Inmediatamente, en las redes sociales, los voceros kirchneristas salieron a festejar la confesión, que aparentemente libraría de culpa y cargo por los 51 muertos del accidente a los funcionarios del gobierno de Cristina: a la misma Cristina, al ministro de Obras Públicas Julio De Vido, a los exministros de Transporte Ricardo Jaime y Juan Pablo Schiavi, al director de Trenes de Buenos Ares, Jorge Alvarez, y a varios altos funcionarios de Trenes de Buenos Aires entre los que se destacaban los hermanos Cirigliano, expresidente y jefe de material rodante. Aparentemente la confesión de Córdoba absolvería a los nombrados de trabajar con material rodante obsoleto y pésimamente mantenido, de tener habilitadas vías férreas deformadas, de mantener en la estación terminal paragolpes incapaces de amortiguar el choque más leve y de dejar las formaciones a cargo de personal no siempre bien entrenado ni en condiciones de calma y equilibrio adecuadas.

Ahora, de lo que nadie ha hablado todavía es del porqué del accidente.
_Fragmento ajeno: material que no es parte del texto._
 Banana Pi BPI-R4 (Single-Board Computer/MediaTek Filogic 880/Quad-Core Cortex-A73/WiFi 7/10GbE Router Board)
Sabemos desde la impecable investigación que realizó la periodista Graciela Mochkofsky que la formación estaba vieja y llena de problemas pero que, mal que bien, si uno aplicaba los frenos frenaba, lo que a su turno fue confirmado por la mayoría de los peritos que actuaron en el juicio; sabemos que el maquinista era un muchacho de alguna experiencia y que venía de una familia de ferroviarios, aunque ahora también se sabe que cometió la imperdonable irresponsabilidad de desconectar el freno automático porque le cansaba llevar el pie apoyado sobre el pedal todo el tiempo, y, peor aún, sabemos gracias a sus declaraciones que muchos conductores lo hacen, además de las demás carencias de la formación que ya son por todos conocidas.

Surge entonces una reflexión: un convoy ferroviario tiene habitualmente siete vagones, que en días laborables y en horario de trabajo van repletos, o sea que pueden llevar unos 120 pasajeros en cada vagón por lo que el tren se puede calcular que transportaba alrededor de 840 vidas. Más que el más grande de los aviones de pasajeros.

Sin embargo, mientras los aviones llevan una tripulación en la que por lo menos tres pilotos pueden manejar la máquina y los más grandes que están en uso transportan alrededor de 500 pasajeros, los trenes llevan uno solo, con lo que un error humano (o un hecho de irresponsabilidad como en este caso) puede producir la muerte de una gran cantidad de personas.

En nuestros días la tendencia es automatizar lo más posible la conducción de ferrocarriles. Ya hay muchos modelos que funcionan sin conductor y otros que, aunque lleven un maquinista, tienen sensores que evitan que éste se "olvide" de frenar o cometa algún otro error como tomar curvas a una velocidad mayor que la permitida que es una de las principales causas de accidentes ferroviarios. Pero mientras nuestro país no tenga fondos para modernizar su flota ferroviaria hasta ese punto, por lo menos puede adoptar una solución tan sencilla como segura que es poner un segundo conductor que supervise, ayude y, en todo caso, reemplace al conductor principal. ¿O será una medida demasiado compleja para nuestras sabias autoridades?